Gli Angeli Genève highlights Bach festival
Ensemble finds meaning in classic works from German baroque figures
The third annual Vancouver Bach Festival moves into high gear this week with a particularly diverse assortment of music on offer, mainly at downtown’s Christ Church Cathedral.
Making a return visit is the group Gli Angeli Genève, which made its Vancouver debut last summer (Bach Cantatas: Actus Tragicus, Friday, 7:30 p.m. at Christ Church Cathedral; and Bach — Trauer Ode BWV 198, Aug. 10, 7;30 p.m. at Chan Centre). The Angels were everything the early music audience could have wished for: fine singers, wonderful blend and an assured sense of style.
I asked Angels founder Stephan MacLeod if the group enjoyed the long trek from Geneva to the West Coast. Indeed they did, finding audiences here and in Victoria congenial.
“Bach’s St. John was particularly impressive because it was in a large hall with a big audience that was very enthusiastic. We were very happy to be there.”
Actually it wasn’t such a trip to the unknown as one might have assumed. The Geneva-based singers already knew many of the Pacific baroque musicians from previous work.
“So it was no problem to blend in. Early music is, after all, a small community worldwide,” said MacLeod.
Gli Angeli’s programs for 2018 zero in on the ensemble’s particular focus, the music of Bach and other German baroque figures. On Friday, that will be music by Bach and Telemann; bass-baritone MacLeod is featured in De Profundus: 17th Century Music for Solo Bass, (Aug. 7, 7:30 p.m. at Christ Church Cathedral); then the festival winds up Aug. 10 with a grand performance of Bach’s extravagant Trauer Ode, BWV 198.
It’s a repertoire with particular resonance for MacLeod.
“We just finished a season which had three concerts in churches in cities where Bach worked. So we were playing the cantatas Bach wrote in his early 20s and his late 20s. All these pieces are very dear to me and I love performing them.”
Summer festivals are, well, festive and often there is a certain propensity for breezy summertime fare. That’s just not on for Gli Angeli or for the Bach Festival as a whole. There’s a lot of serious music on show and not just from the German baroque. (Britten’s unsettling masterpiece Abraham and Isaac will to be heard in a matinee performance Aug. 8, 1 p.m., Christ Church Cathedral.) But this is by no means music for just the cognoscenti.

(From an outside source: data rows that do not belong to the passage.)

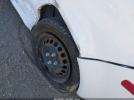 Chevrolet Cobalt Ls Image 14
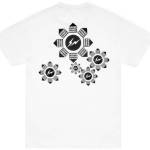 fragments clothing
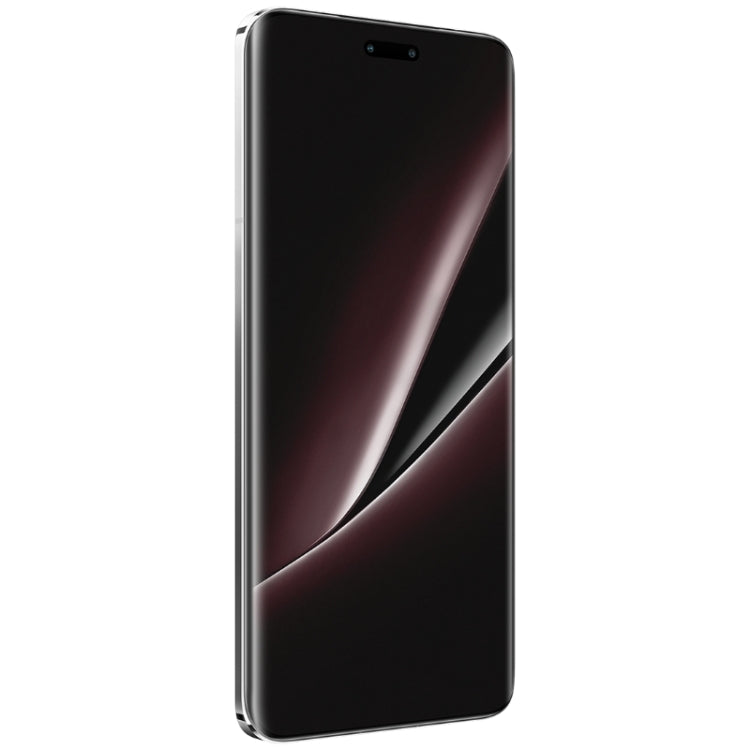 Honor Magic6 RSR Porsche Design, 24GB+1TB,  6.8 inch Magic OS 8.0 Snapdragon 8 Gen 3 Octa Core up to 3.3GHz, Network: 5G, OTG, NFC, Support Google Play(Agate Grey) - Honor by Huawei | Online Shopping UK | buy2fix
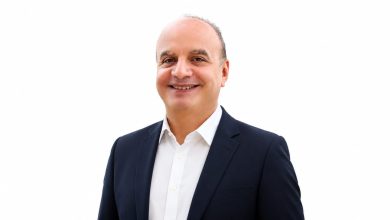 الدكتور مصطفى عبد الرحمن حسين إسماعيل، الرئيس التنفيذي لشركة وادي تكنولوجيا المعلومات (IT Valley)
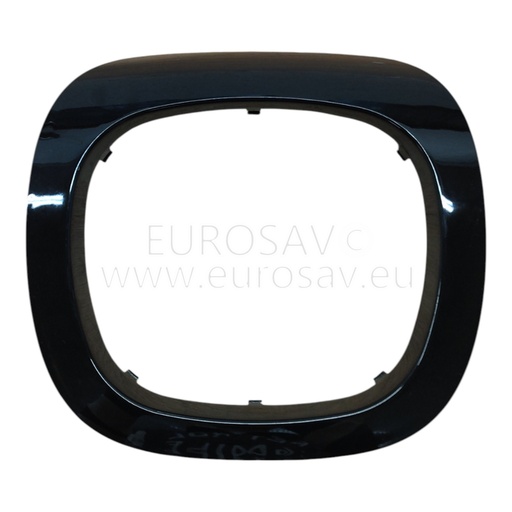 [XJ51940341] BANDEAU DE COMMANDE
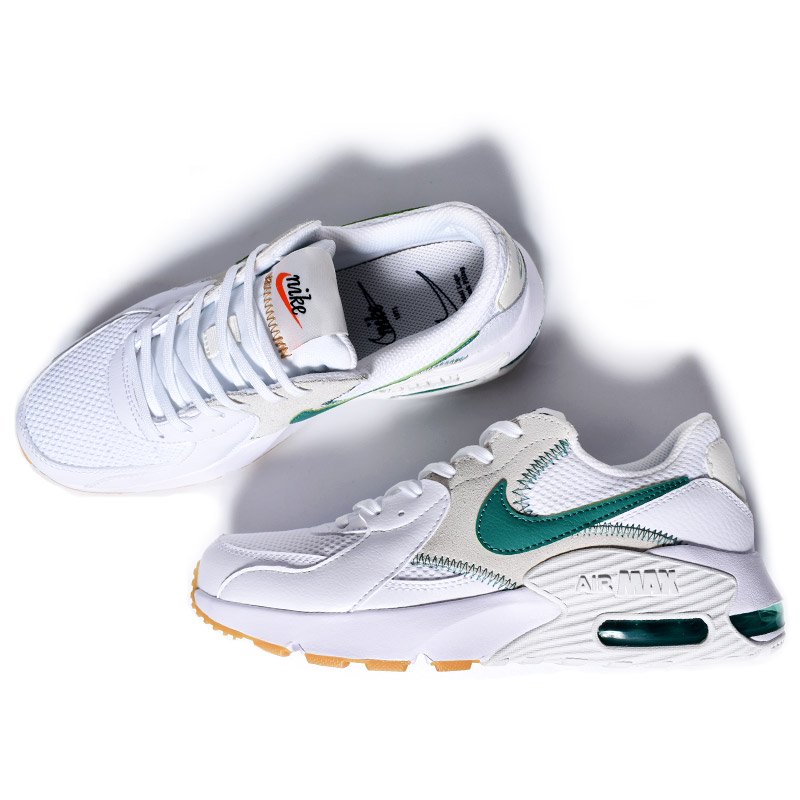 NIKE WMNS AIR MAX EXCEE 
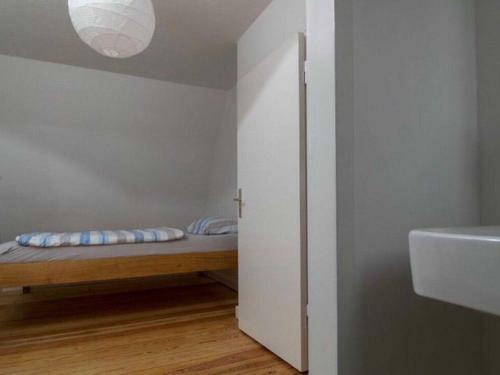 Apartamento Lemmis Fewo Nahe Der Ostsee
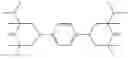 Fig. 271 - Piperidine derivative, liquid crystal composition and liquid crystal display device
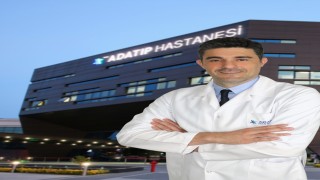 Dünya Osteoporoz Gününde uyarı: Erken önlemle kemik kaybı yavaşlatılabilir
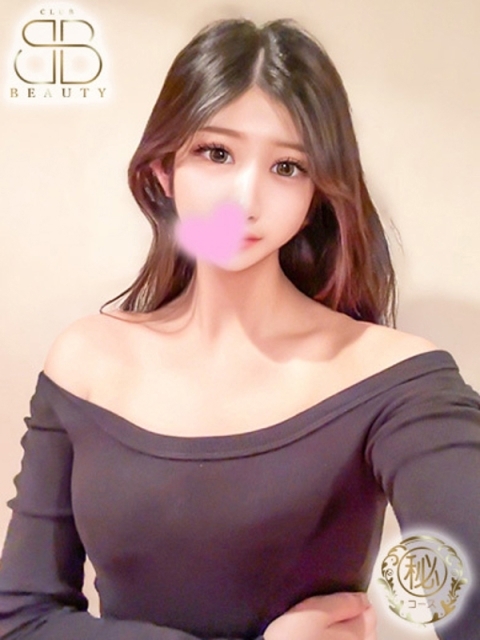 クラブビューティー★朝6時からOPEN★九州最大級マル秘ソープランド あんじゅ【モデル系極上美女】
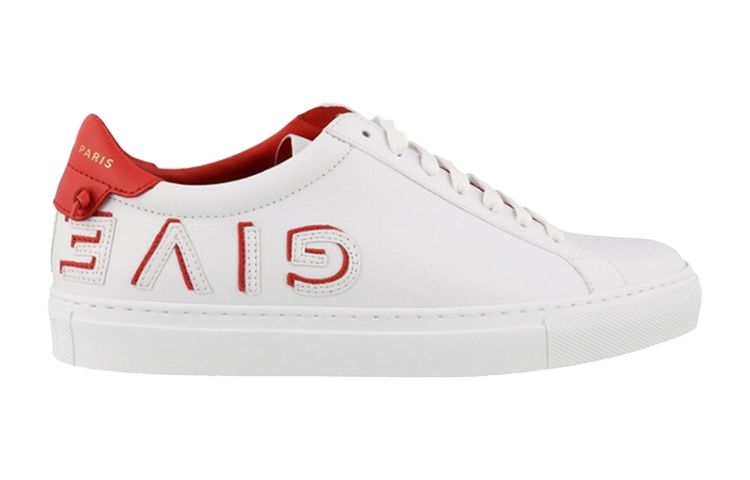 GIVENCHY Urban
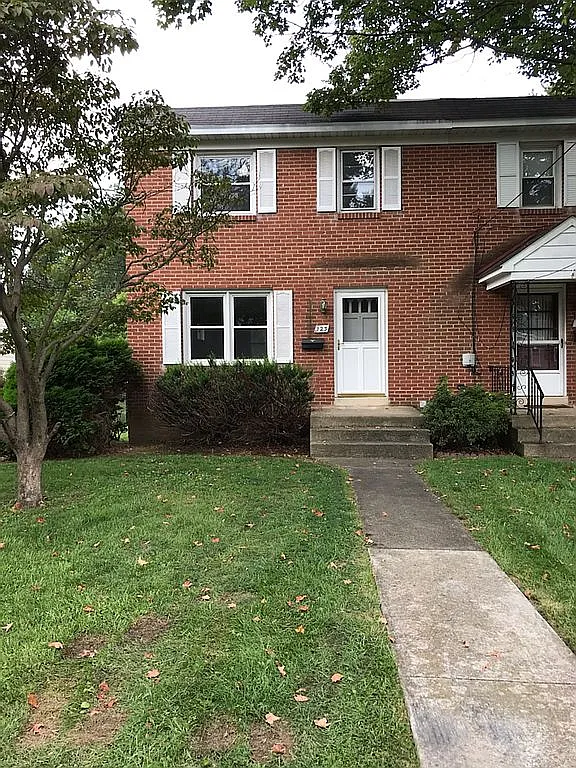 123 Euclid Ave photo 1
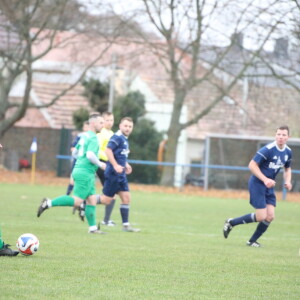 2025-11-15-WM-007810939b8a5f23e26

When it comes to music of the 17th and early 18th centuries, we have to understand our attitudes toward big issues — mortality and faith lead the list — are not necessarily those of Bach and his contemporaries.
“From a pragmatic point of view, it is not difficult to understand why death was such a central concept at that time,” said MacLeod, adding infant mortality rates were appalling by contemporary standards.

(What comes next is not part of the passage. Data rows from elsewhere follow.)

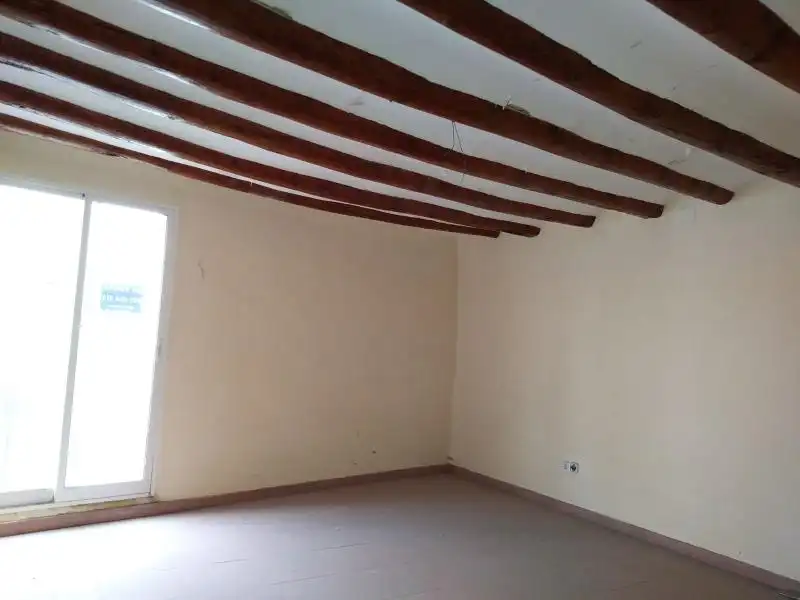 Casa o xalet en venda en Gelsa amb Jardí privat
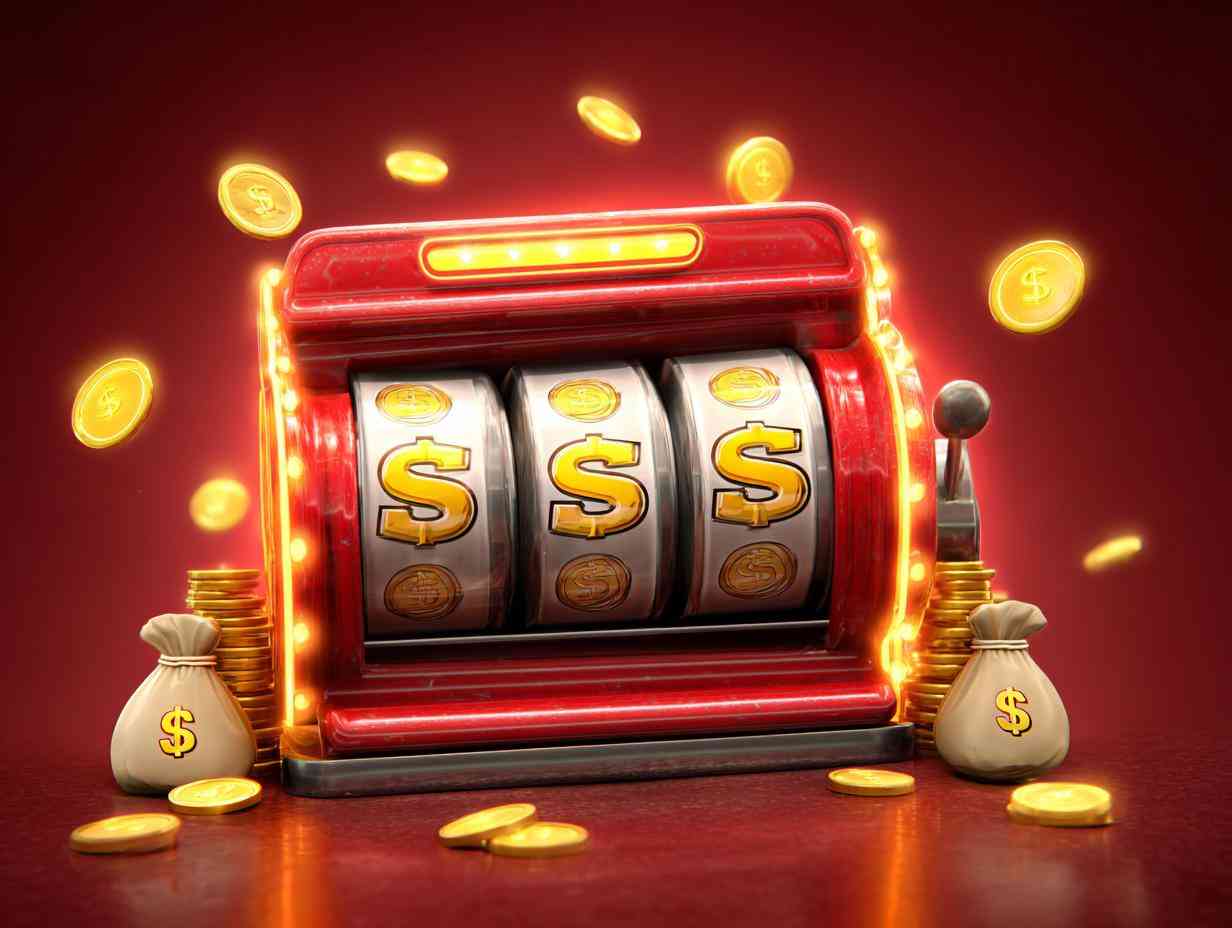 166 bet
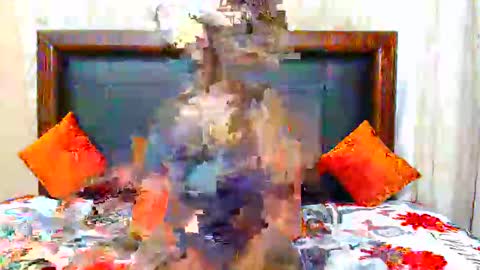 Silindile Caroline Madlala online show from 02.12.25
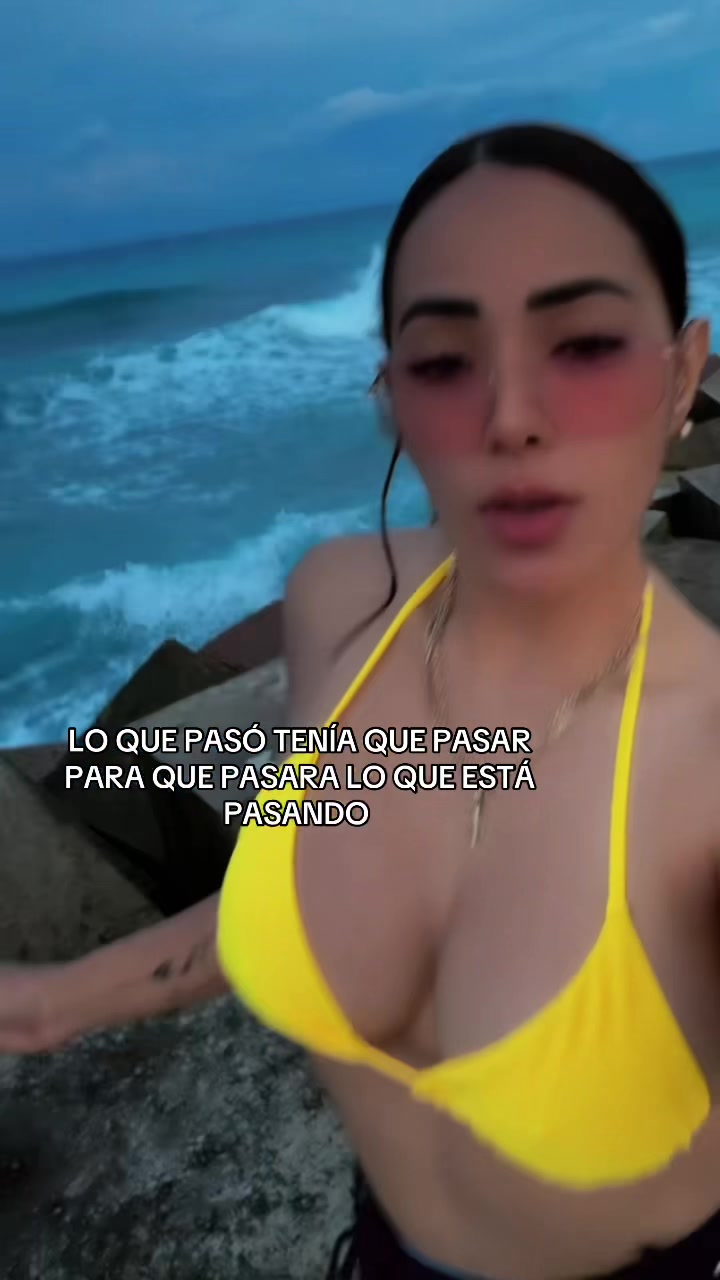 @𝓐𝓾𝓻𝓸𝓻𝓪 🦩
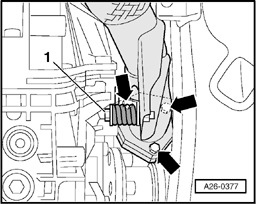 GW00019497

“They loved their children just as much as we do today and death was constantly there in the 17th century. The tiniest virus arrived and half of the village would die. This is what people needed to hear about and to be helped with religious texts as a great comfort and consolation.”
This is the reason why MacLeod believes the music is still powerful and meaningful to us centuries later.
Because works often address ideas of death and mourning, this doesn’t mean the music is grim.
“Bach’s music is especially uplifting and joyous because he is a genius building cathedrals of sound in front of our very eyes. It’s extremely easy for him to deal with feelings and to follow the text that he is building upon.”
“Music,” said MacLeod, “has always been about helping people and transcending ourselves, helping us to cope with death and believe that there is something beyond it.” Not a bad message for any age.